Optimize Your Candidate Experience to Make Higher Quality Hires

I’ve been asked to speak to a group of UX (User Experience) design leaders at the UX Advantage conference this summer. The focus of the talk will be on how to hire great UX designers and the discussion will start with the premise that you hire great people the same way you create a great user experience for any product or piece of software. This starts by first understanding the user.

In the case of hiring, the user is an outstanding person whom you’ll likely want to hire. He or she meets all the requirements of the “perfect” candidate. Understanding this “perfect” person comes down to accepting these three foundational points:

  1. Regardless of the job, there is a shortage of the best people in any field. Few are looking for another job and, even if they are, they will have a choice of multiple opportunities. One key aspect of their decision to accept an offer will be the content and quality of the job, not just the compensation package. Another aspect will be the quality of their CX (Candidate Experience) from first contact to final close.
  2. Most of the best people are not looking for another job. In this case, you’ll need to reach out and find them. This will largely be through a referral of some type in combination with the hard work of a recruiter reaching out to passive candidates.
  3. The best will opt out early, unless the CX is first class. The quality of the CX and how the job is positioned will determine who agrees to initially engage in the hiring process and how many remain at the end. The best people in any field opt out in record numbers due to bad CX, even if the job itself is great.

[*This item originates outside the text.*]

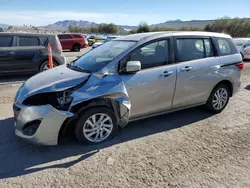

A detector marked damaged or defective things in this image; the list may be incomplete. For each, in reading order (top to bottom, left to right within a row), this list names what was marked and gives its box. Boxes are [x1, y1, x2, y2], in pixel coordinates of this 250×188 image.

crumpled hood [16, 65, 90, 103]
front fender damage [69, 72, 130, 127]
damaged front bumper [13, 103, 73, 145]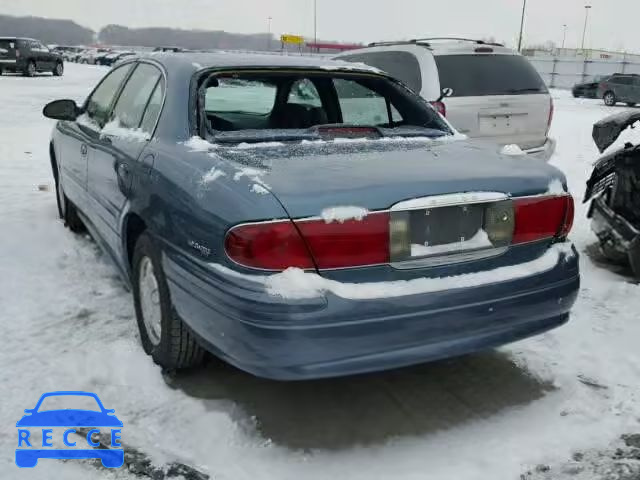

Given these principles, here are some ideas you can implement to improve the quality of the CX and the quality of the people ultimately hired.

6 commonsense ideas for optimizing your company’s candidate experience:

1. Time matters: Hiring the best is not a one-night stand.

More often then not, hiring the best person who applied as fast as possible won’t get you the highest quality hire. It takes hours spread over weeks for a top person to fully understand the career merits of another opportunity and come on board. You need to build these extra steps into your CX and have clear communication about the person’s status and next steps.

2. Show respect.

You need these people more than they need you. An informal exploratory career discussion among equals is how you need to start any discussion with a passive candidate. As part of this, eliminate the application as a prerequisite, including any type of assessment testing. This is bad CX if quality of hire is more important than the efficiency of the hiring process. Add these steps only after the person fully understands that the job represents a great career move and has agreed to become a formal candidate.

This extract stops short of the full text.